*What to do*
From the listing that follows, output everything exactly except the pictures.

*Data under study*
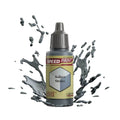 Army Painter Warpaints Speedpaint 2.0: Ashen Stone 18m - 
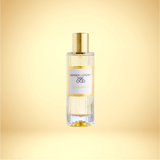 Parfum-Oud_vanille-HemadiLuxuryOud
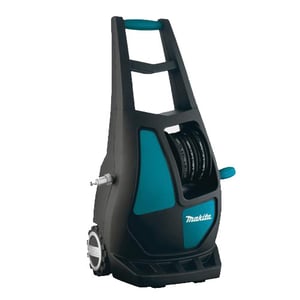 Makita HW132 Druckplatte, Gleichstrom, 420 l/h, 2100 W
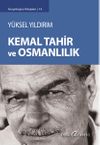 Kemal Tahir ve Osmanlılık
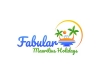 Fabular Mauritius Holidays Avatar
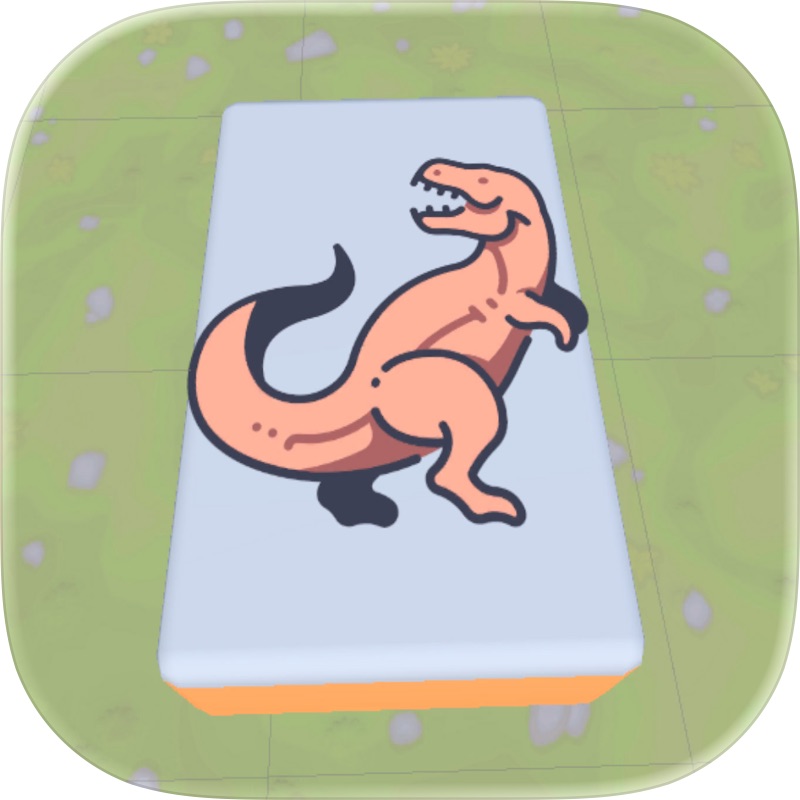 Dino Squad Battle 3D screenshot 10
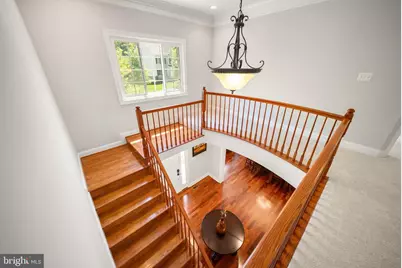43916 Riverpoint Drive, Leesburg, VA 20176 - Photo 32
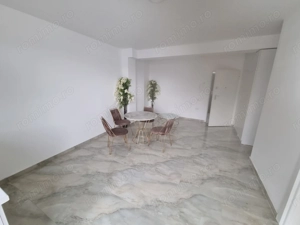 Tomis plus-apartament 2 camere tip studio - imagine 5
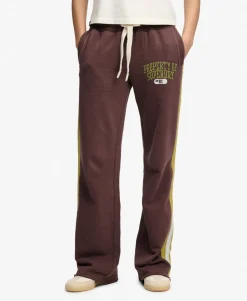 Cult Hockey Jogger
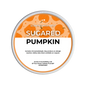 Sugared Pumpkin Segment Pot Wax Melts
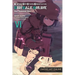 Sword Art Online Alternative Gun Gale Online, Vol. 6 (Light Novel): One Summer Day Volume 6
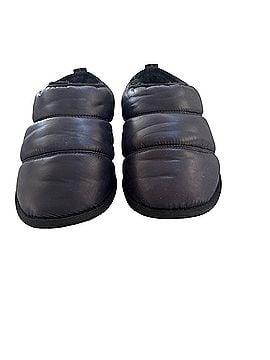 Sorel Snow boots (view 1)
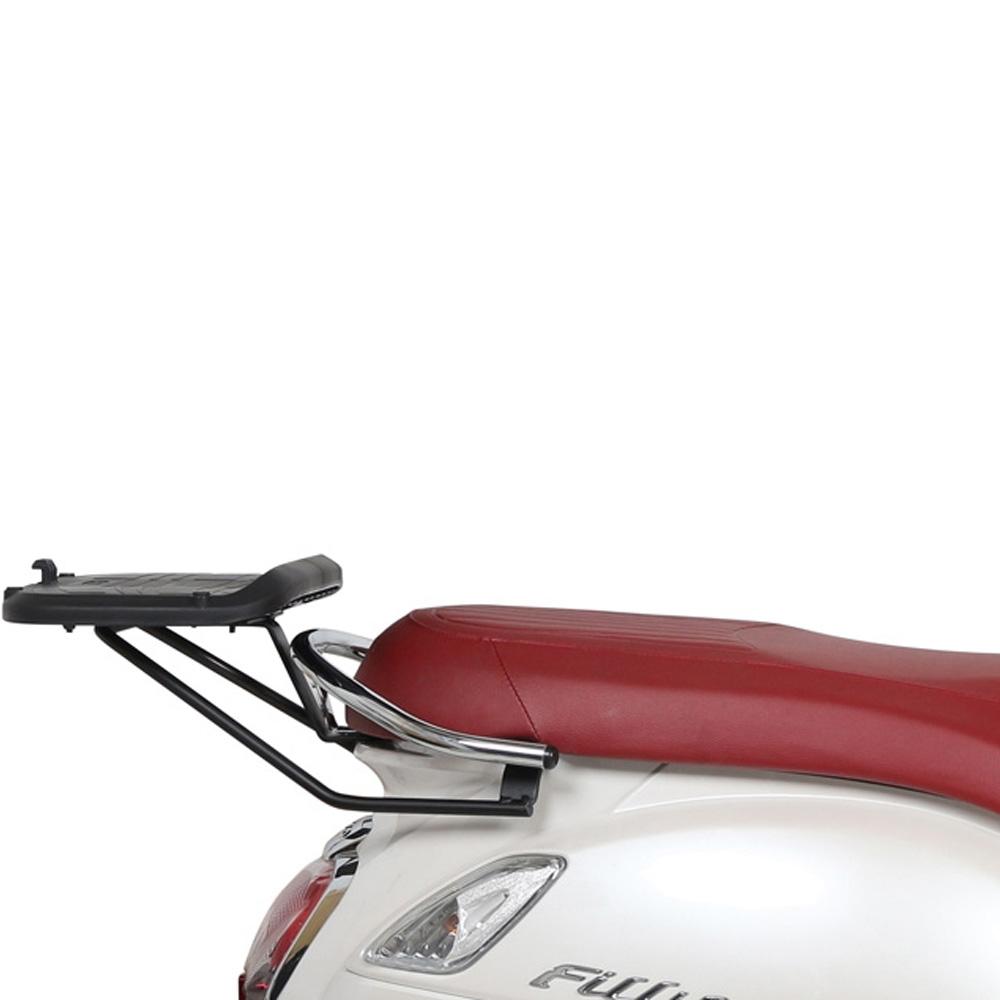 Shad Top Case Fitting Kit for Kymco Filly 125 ABS (18-22)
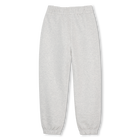 Mono KENZO KIDS 
                    UNISEXO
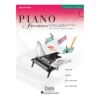 Faber/PianoAdventureTheoryBookLebel1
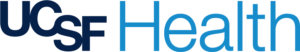 UCSF_Health_Logo_21_no_tag_Color_300dpi_RGB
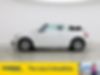 3VW5DAATXKM506599-2019-volkswagen-beetle-2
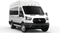 2026 Ford Transit-350 Passenger Van XL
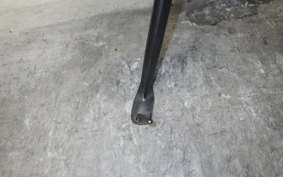 YAMAHA XSR700 2020 RM22J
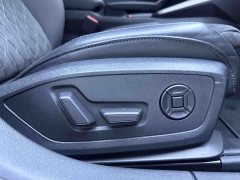 Audi A3 Sportback 35 TFSI Luxury Sport - ფოტო 18
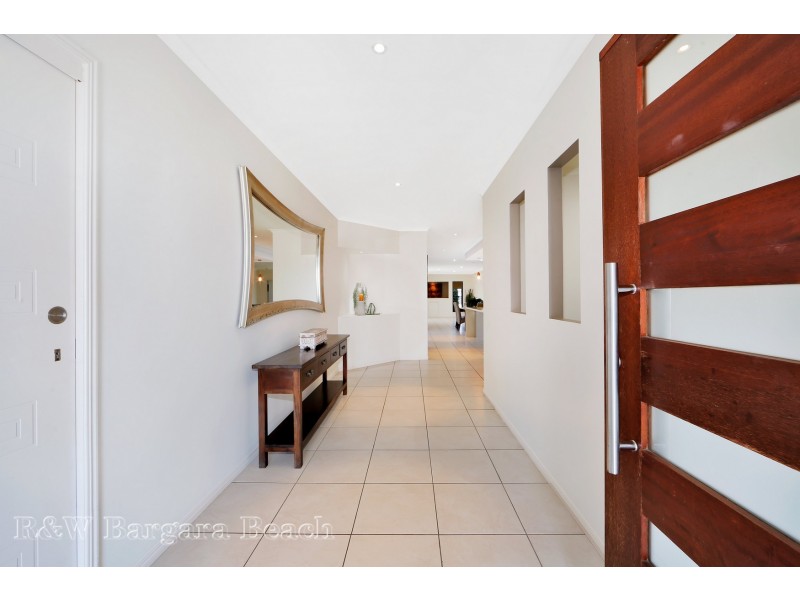 12 Parkside Parade, Bargara QLD 4670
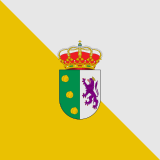 Флаг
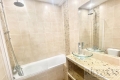 Appartement NICE 3 pi&egrave;ces 4412500_2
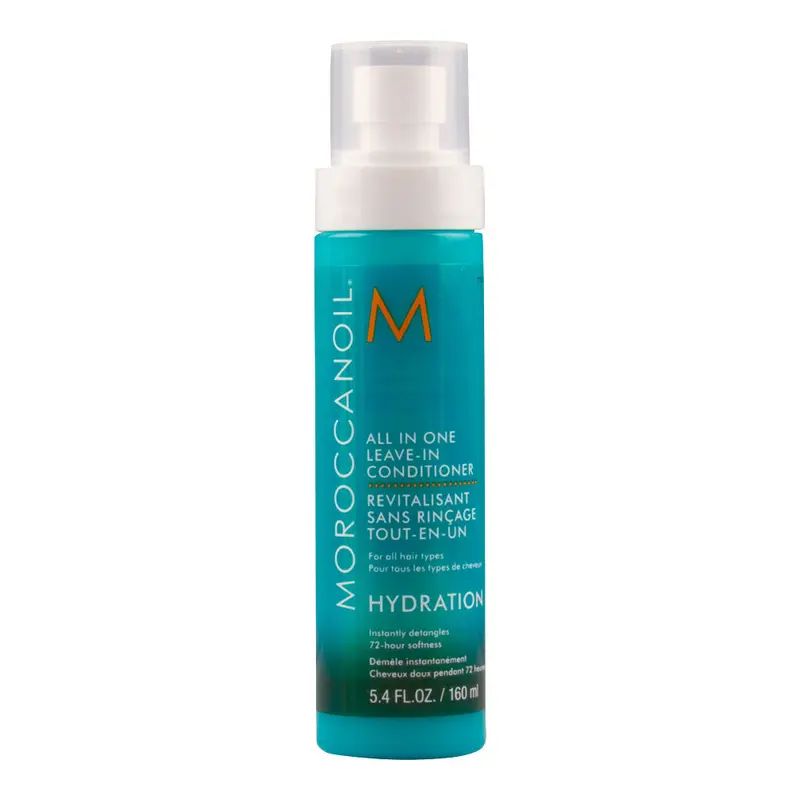 Moroccanoil All in One Leave-In Conditioner 160ml
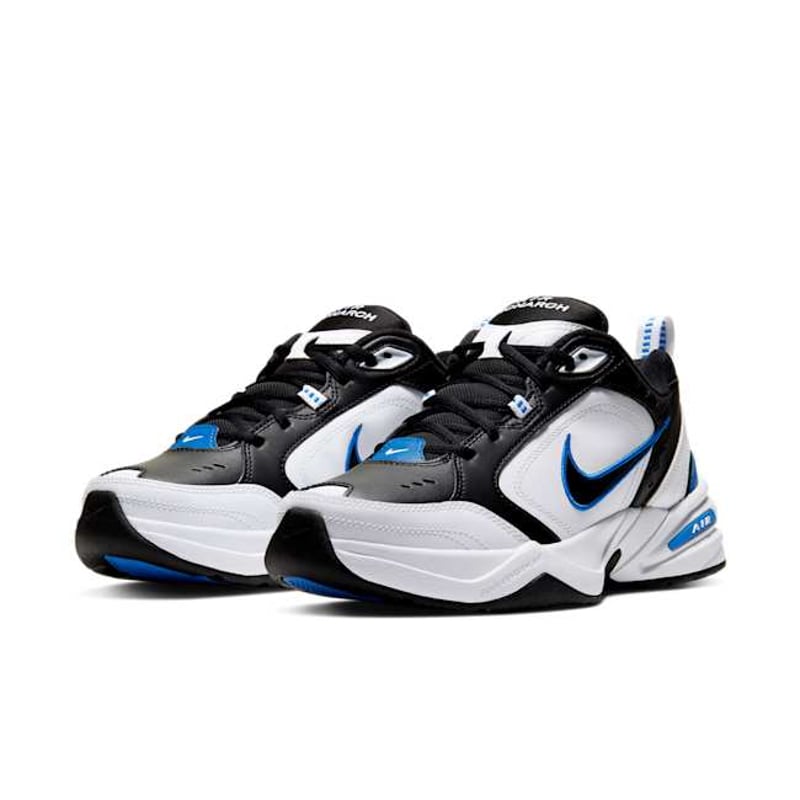 Nike Air Monarch IV 415445-002 05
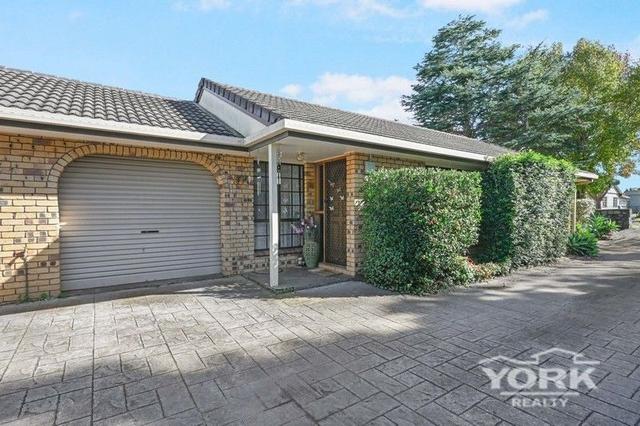 1/12 Ocean Street, QLD 4350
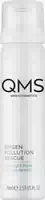 Qms Medicosmetics Epigen Pollution Rescue Overnight Mask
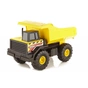 Спецтехніка Tonka Steel Самосвал (93918) - зменшене зображення 1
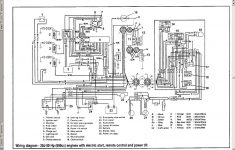 Yamaha Outboard Remote Control Wiring Diagram Fresh 2018 Wiring - Yamaha 703 Remote Control Wiring Diagram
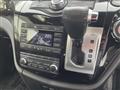 2012 Nissan Elgrand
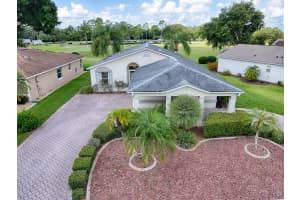 536 GRAND VISTA TRAIL, LEESBURG, FL 34748 Sold 05/29/25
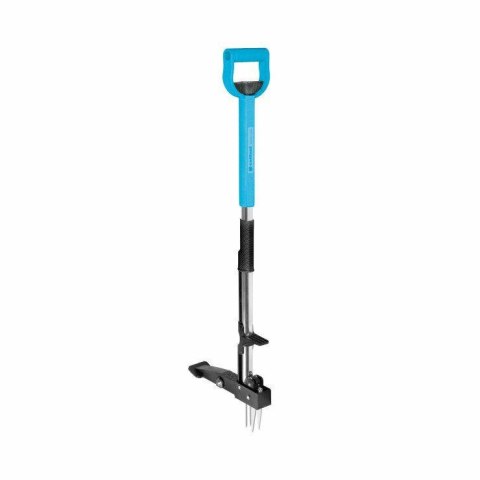 CELLFAST WYRYWACZ CHWASTÓW /CELLPRO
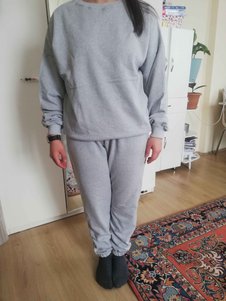 yorum görseli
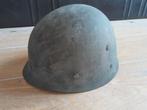 Casque américain firestone Liner WW2 ?, Enlèvement ou Envoi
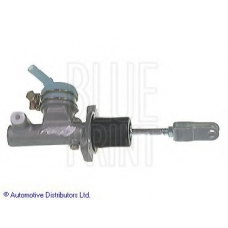 ADN13429 BLUE PRINT Главный цилиндр, система сцепления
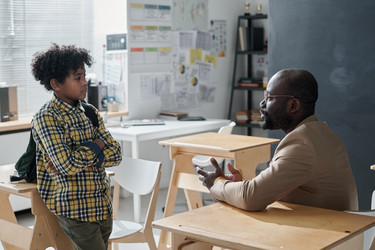 Similar image 21580745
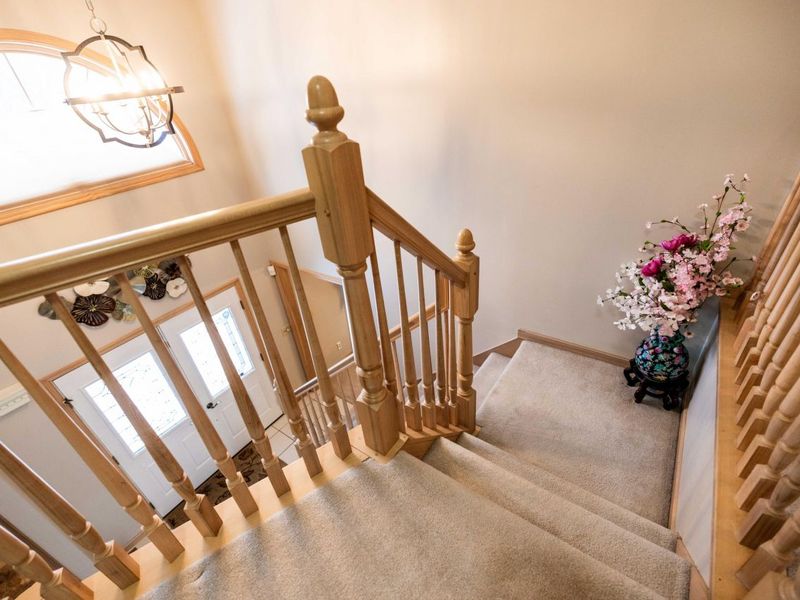 3135 Imperial Boulevard, Springfield, OH 45503 Photo 34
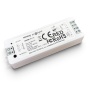 Sterownik V1 RF MONO 8A 5–36V do taśm LED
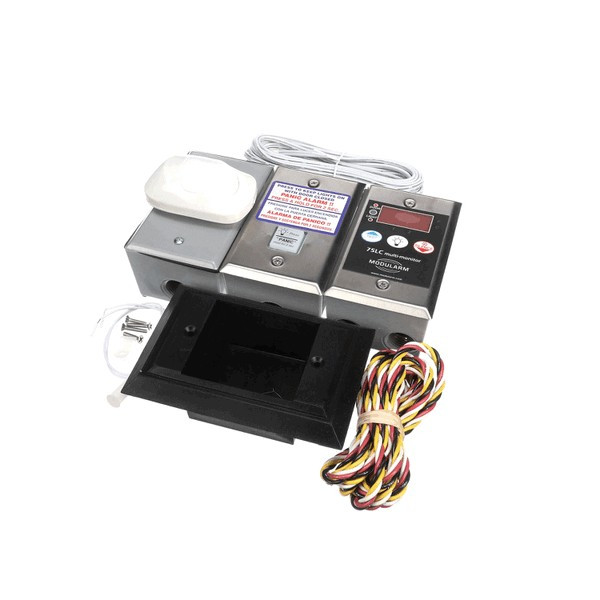 MODULARM 75LC MULTI MONITOR AL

*Answer to this problem*
 Army Painter Warpaints Speedpaint 2.0: Ashen Stone 18m - 
 Parfum-Oud_vanille-HemadiLuxuryOud
 Makita HW132 Druckplatte, Gleichstrom, 420 l/h, 2100 W
 Kemal Tahir ve Osmanlılık
 Fabular Mauritius Holidays Avatar
 Dino Squad Battle 3D screenshot 10
43916 Riverpoint Drive, Leesburg, VA 20176 - Photo 32
 Tomis plus-apartament 2 camere tip studio - imagine 5
 Cult Hockey Jogger
 Sugared Pumpkin Segment Pot Wax Melts
 Sword Art Online Alternative Gun Gale Online, Vol. 6 (Light Novel): One Summer Day Volume 6
 Sorel Snow boots (view 1)
 Shad Top Case Fitting Kit for Kymco Filly 125 ABS (18-22)
 Mono KENZO KIDS 
                    UNISEXO
 Faber/PianoAdventureTheoryBookLebel1
 UCSF_Health_Logo_21_no_tag_Color_300dpi_RGB
 3VW5DAATXKM506599-2019-volkswagen-beetle-2
 2026 Ford Transit-350 Passenger Van XL
 YAMAHA XSR700 2020 RM22J
 Audi A3 Sportback 35 TFSI Luxury Sport - ფოტო 18
 12 Parkside Parade, Bargara QLD 4670
 Флаг
 Appartement NICE 3 pi&egrave;ces 4412500_2
 Moroccanoil All in One Leave-In Conditioner 160ml
 Nike Air Monarch IV 415445-002 05
 1/12 Ocean Street, QLD 4350
 Qms Medicosmetics Epigen Pollution Rescue Overnight Mask
 Спецтехніка Tonka Steel Самосвал (93918) - зменшене зображення 1
 Yamaha Outboard Remote Control Wiring Diagram Fresh 2018 Wiring - Yamaha 703 Remote Control Wiring Diagram
 2012 Nissan Elgrand
 536 GRAND VISTA TRAIL, LEESBURG, FL 34748 Sold 05/29/25
 CELLFAST WYRYWACZ CHWASTÓW /CELLPRO
 yorum görseli
 Casque américain firestone Liner WW2 ?, Enlèvement ou Envoi
 ADN13429 BLUE PRINT Главный цилиндр, система сцепления
 Similar image 21580745
 3135 Imperial Boulevard, Springfield, OH 45503 Photo 34
 Sterownik V1 RF MONO 8A 5–36V do taśm LED
 MODULARM 75LC MULTI MONITOR AL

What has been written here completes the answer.